Only the pictures are to be omitted; everything else in the listing must be reproduced exactly.

▶ **Data section**:
──────────

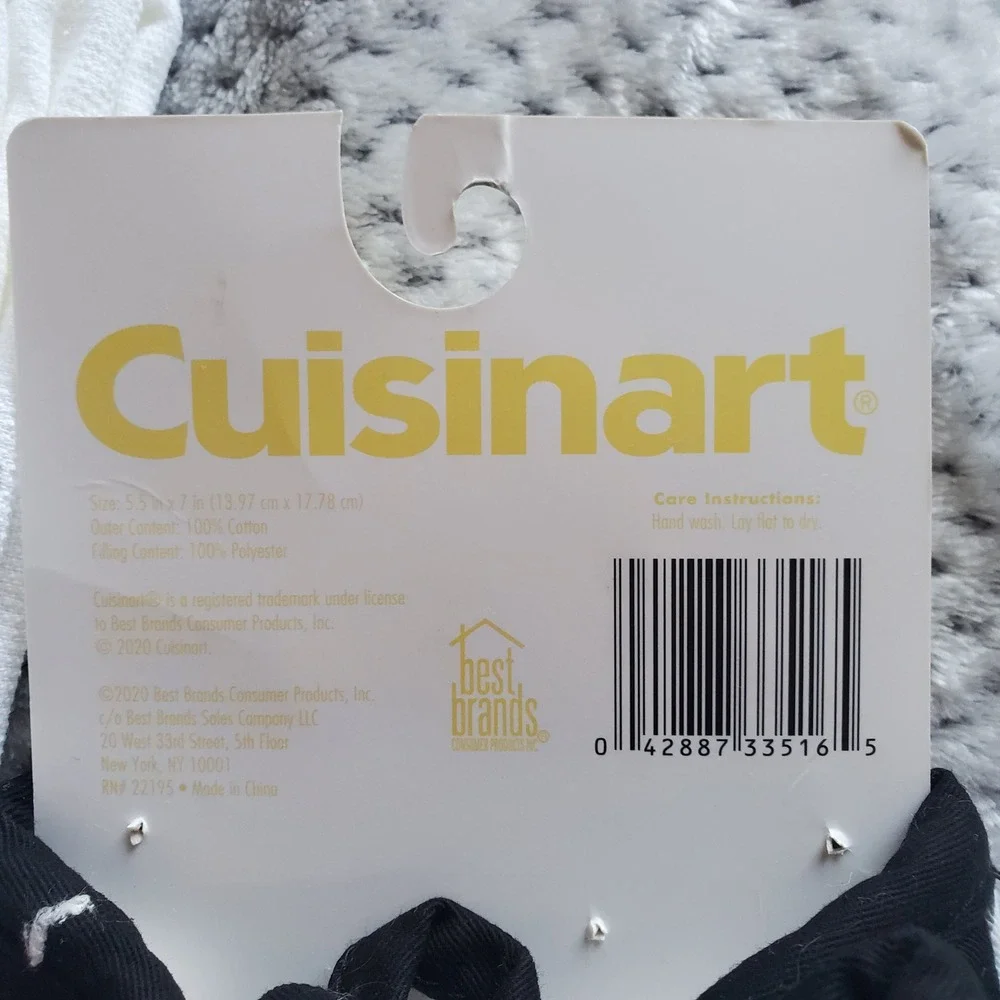 Cuisinart Easter Bunny Kitchen Towel 2PK Mini Oven Mitt 2PK Black Buffalo Plaid‎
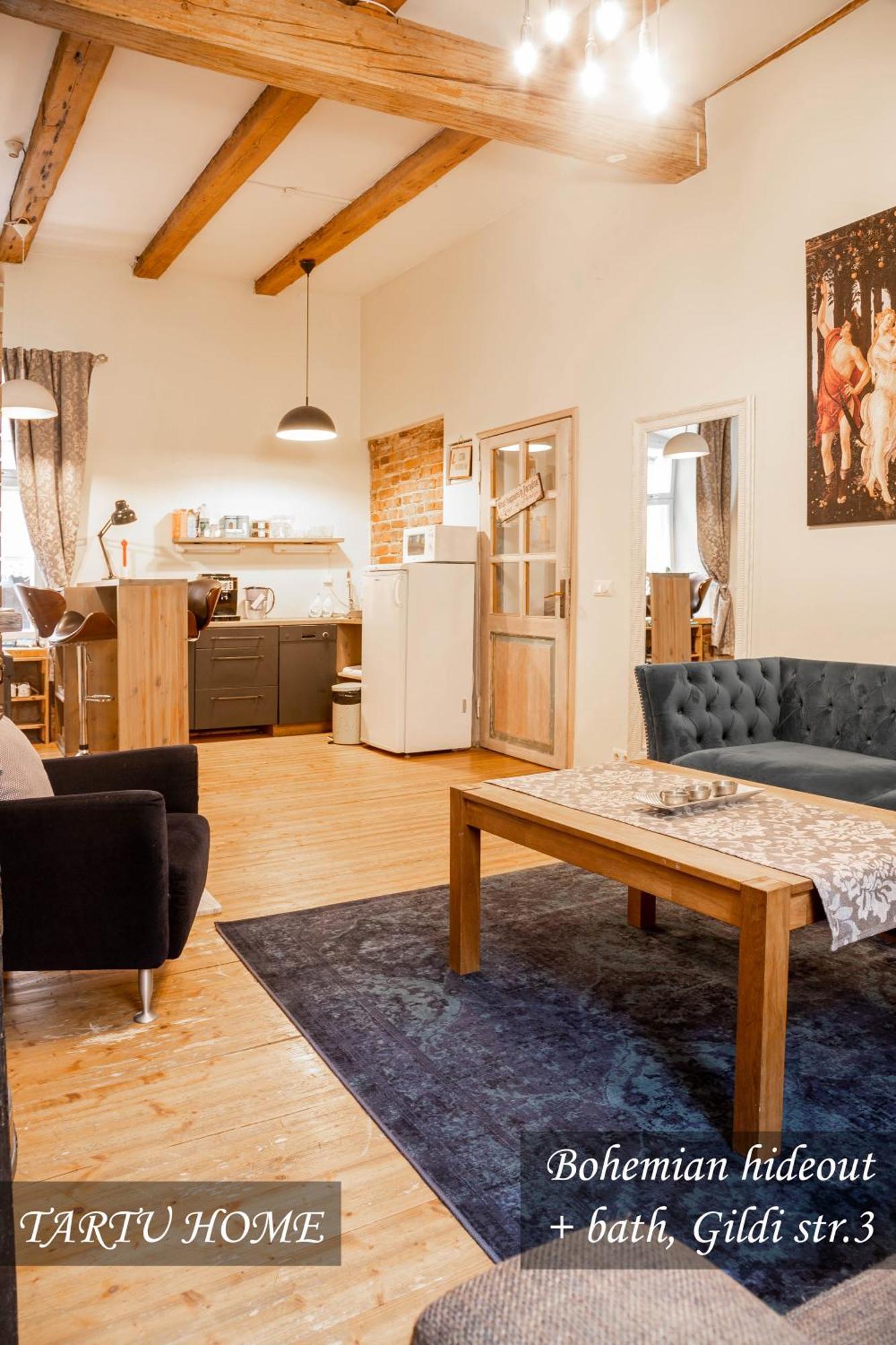 Bohemian Hideout, Old Town, Tartu Home ภายนอก รูปภาพ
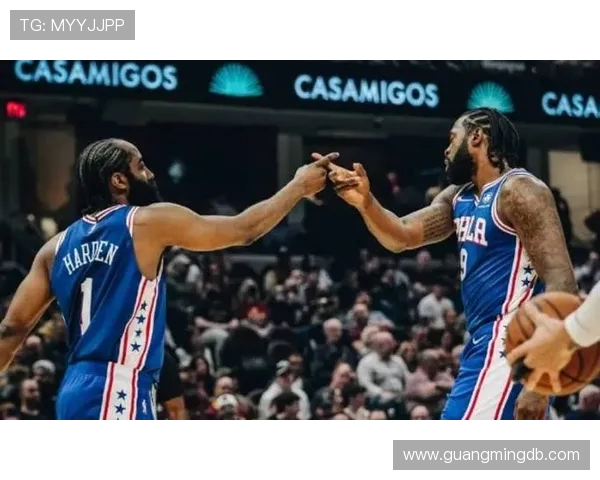 费城76人与迈阿密热火巅峰对决激战再起谁能掌控东部新格局 费城76人与迈阿密热火巅峰对决激战再起谁能掌控东部新格局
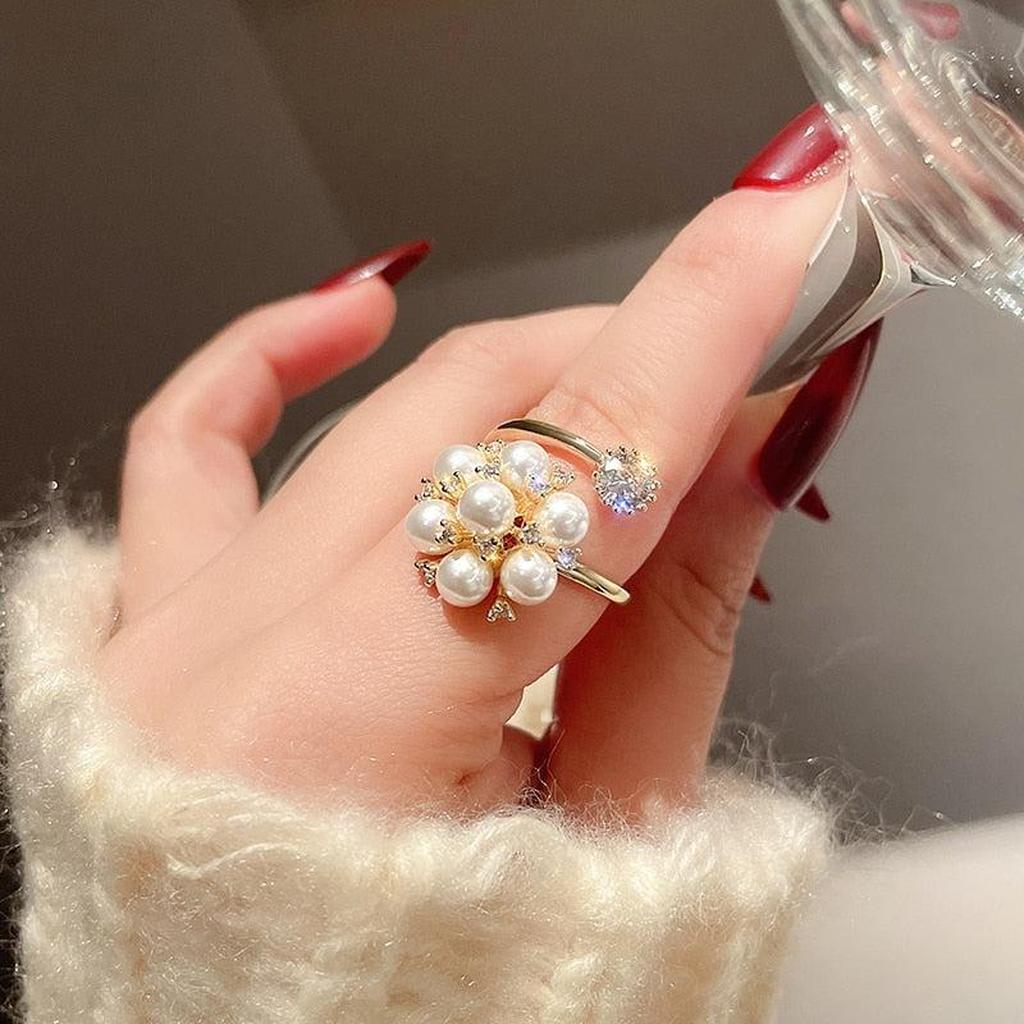 Verstellbarer Ring mit Perlen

──────────

▶ **The completed task**:
 Cuisinart Easter Bunny Kitchen Towel 2PK Mini Oven Mitt 2PK Black Buffalo Plaid‎
 Bohemian Hideout, Old Town, Tartu Home ภายนอก รูปภาพ
 费城76人与迈阿密热火巅峰对决激战再起谁能掌控东部新格局 费城76人与迈阿密热火巅峰对决激战再起谁能掌控东部新格局
 Verstellbarer Ring mit Perlen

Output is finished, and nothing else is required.